> [HOW TO COMPLETE THIS TASK]
In the entries below, find the line with "Le vieux pot de peinture rouge" and transcribe it and every line after it exactly, through the last line, without pictures.

━━━━━━━━━━━━━━━━

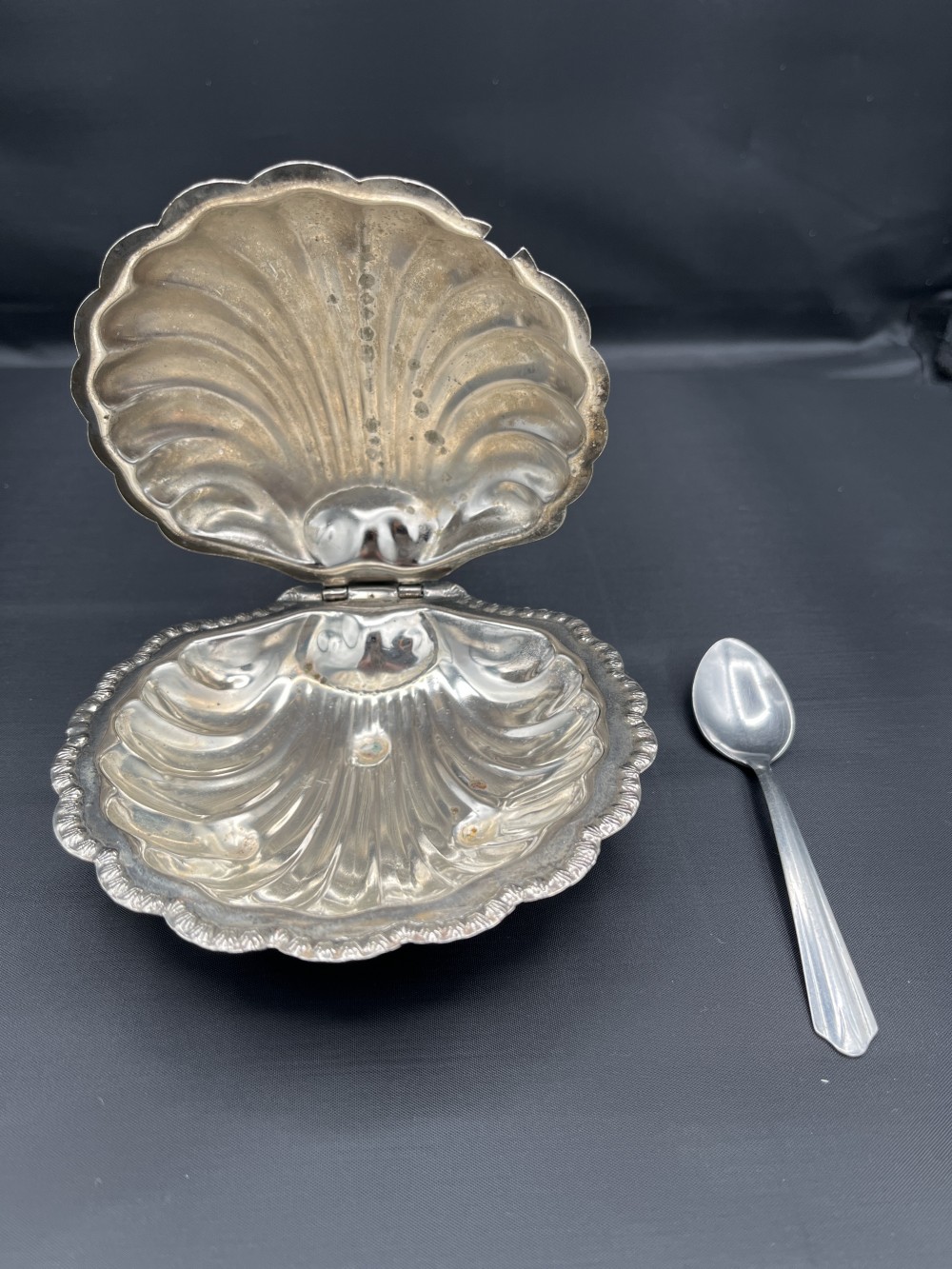 Vtg Silverplate Clamshell Dish
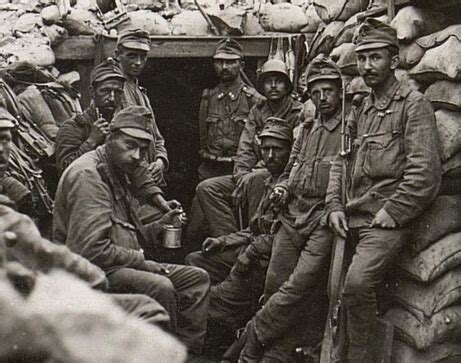 Dobová fotografia vojakov prvej svetovej vojny v Karpatách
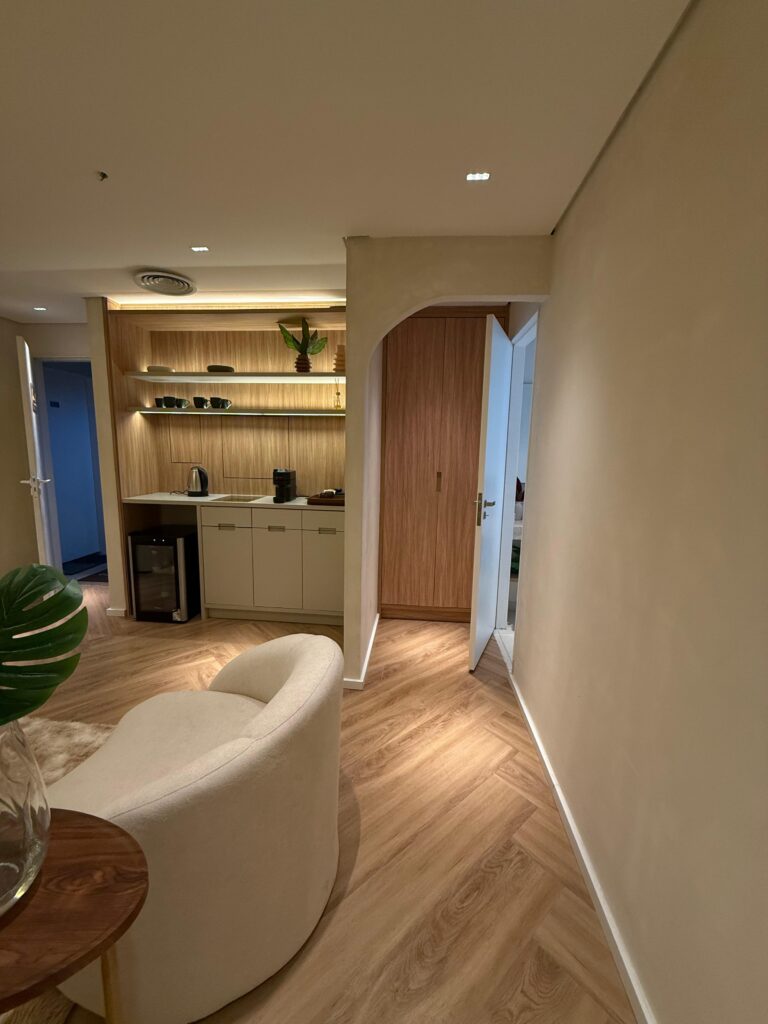 WhatsApp Image 2025-09-22 at 07.31.41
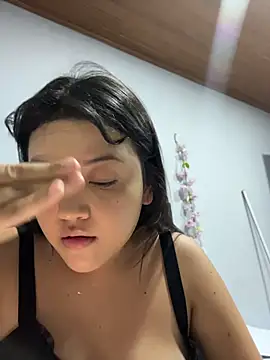 XXX chat uživo modela alisson_carolina73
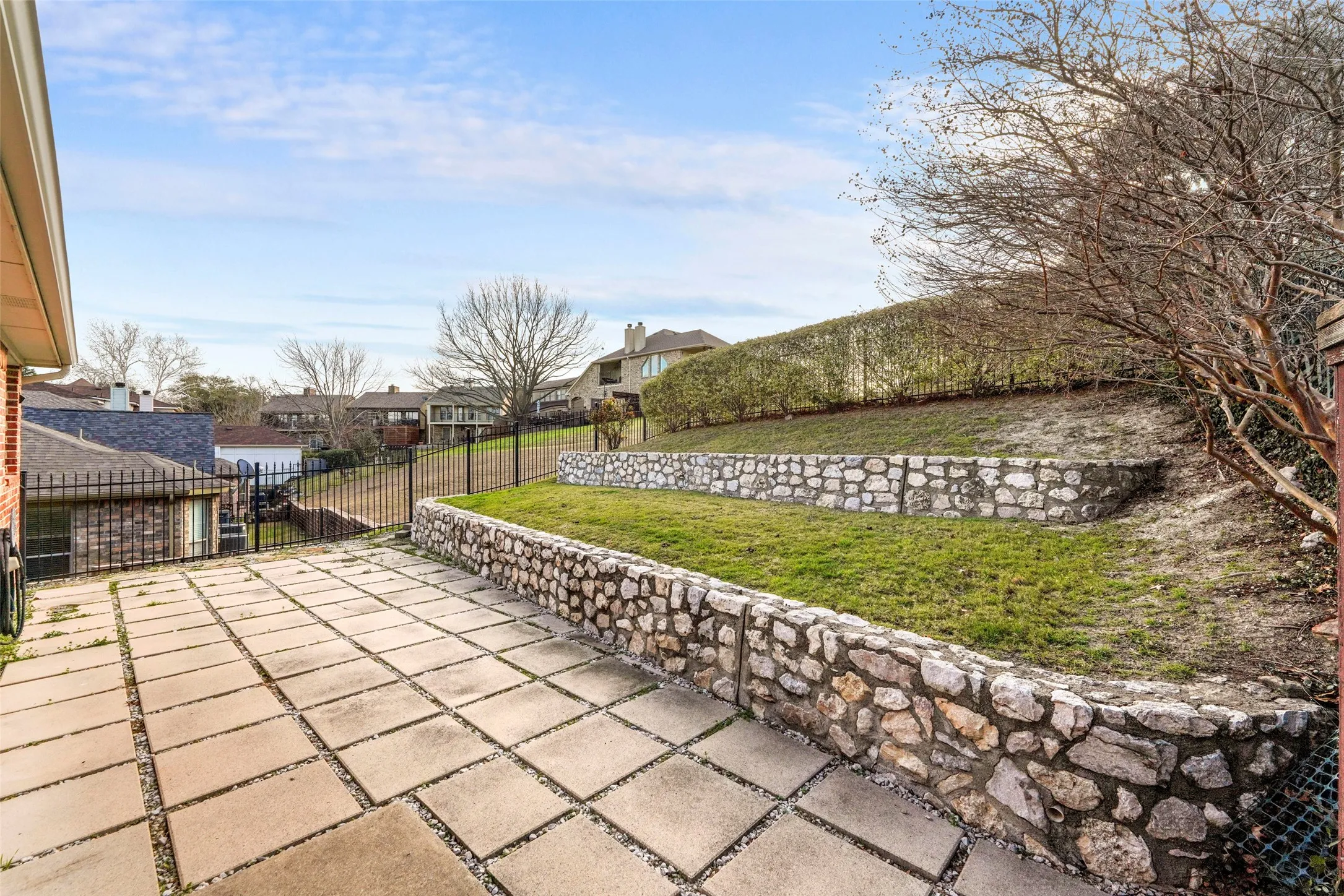 Single Family Residence For Sale in Rockwall County , 5707 Ranger Drive, Rockwall, Texas 75032, 3 Bedrooms, 3 Bathrooms, 2 Garage spaces, 2,488 Sqft, built in 2007, Price $449,000, mls#21156296, Real Estate Agent in Rockwall, Homes For Sale in Rockwall county, Homes For Sale in Rockwall, Realtor in Rockwall Texas, Real Estate Brokerage Independent Realty Texas, Luminita Cordes Realtor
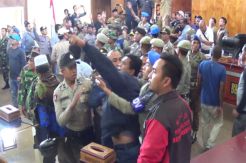 Demo Tenaga Honorer di Bener Meriah Aceh Ricuh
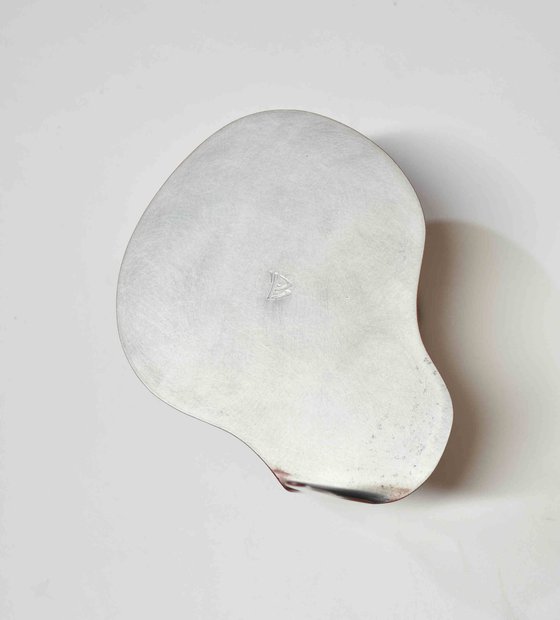 Le vieux pot de peinture rouge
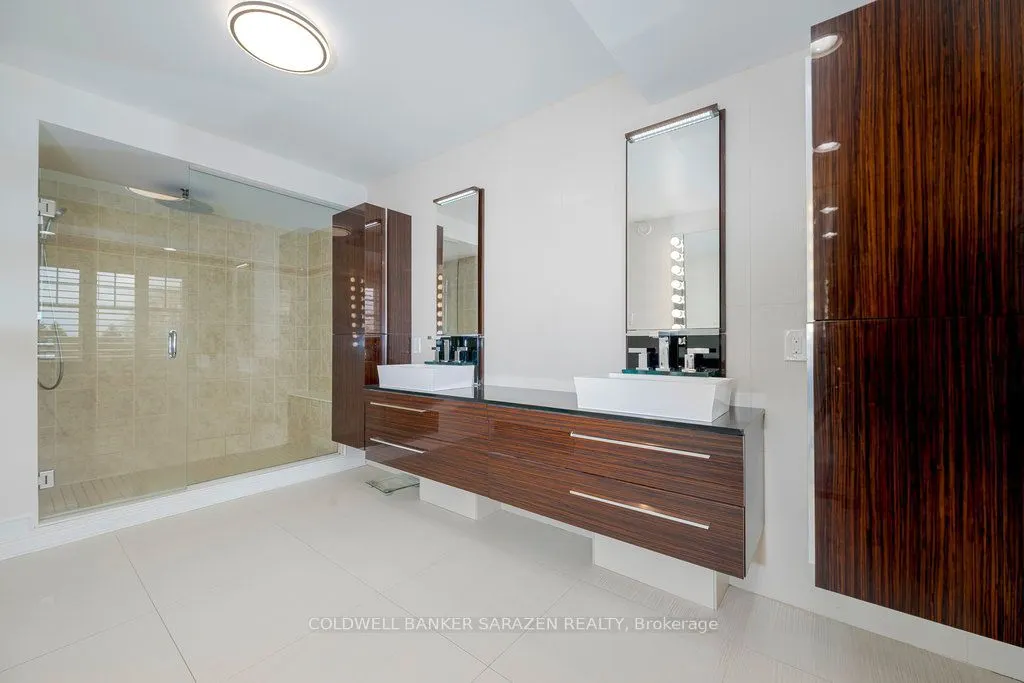 320 Rywalk Circle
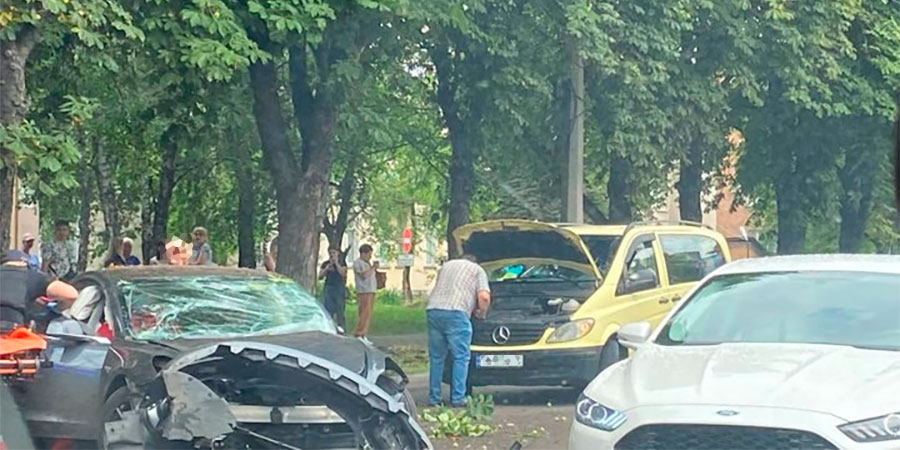 ДТП у Черкасах на вулиці Смілянській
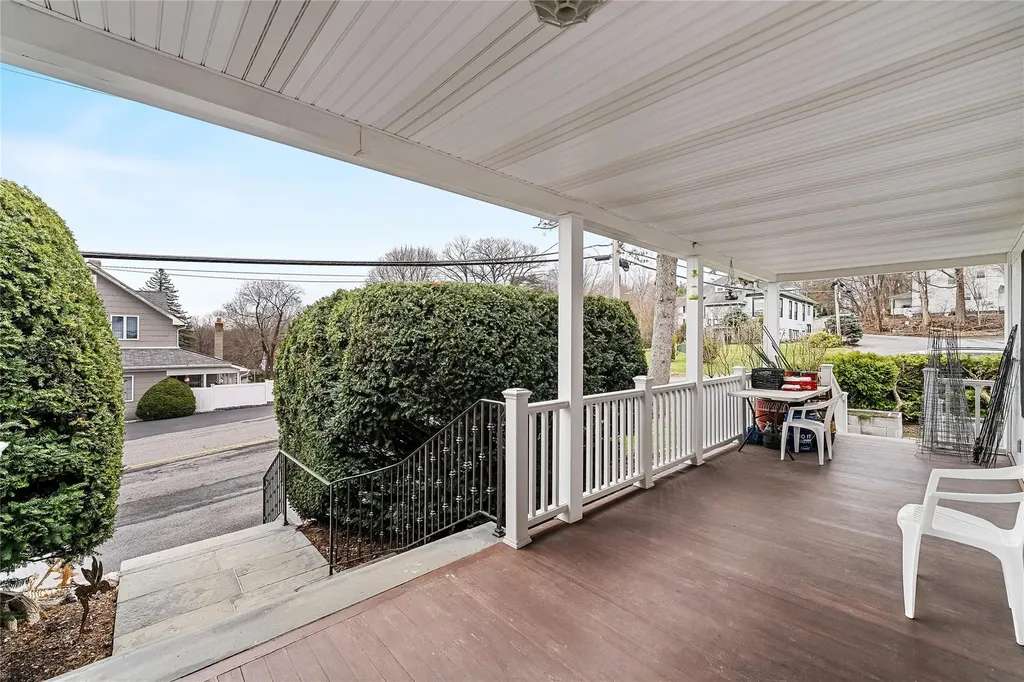 41 Mcalpin Avenue Mahopac NY 10541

━━━━━━━━━━━━━━━━

> [SOLUTION TO THIS TASK]
 Le vieux pot de peinture rouge
 320 Rywalk Circle
 ДТП у Черкасах на вулиці Смілянській
 41 Mcalpin Avenue Mahopac NY 10541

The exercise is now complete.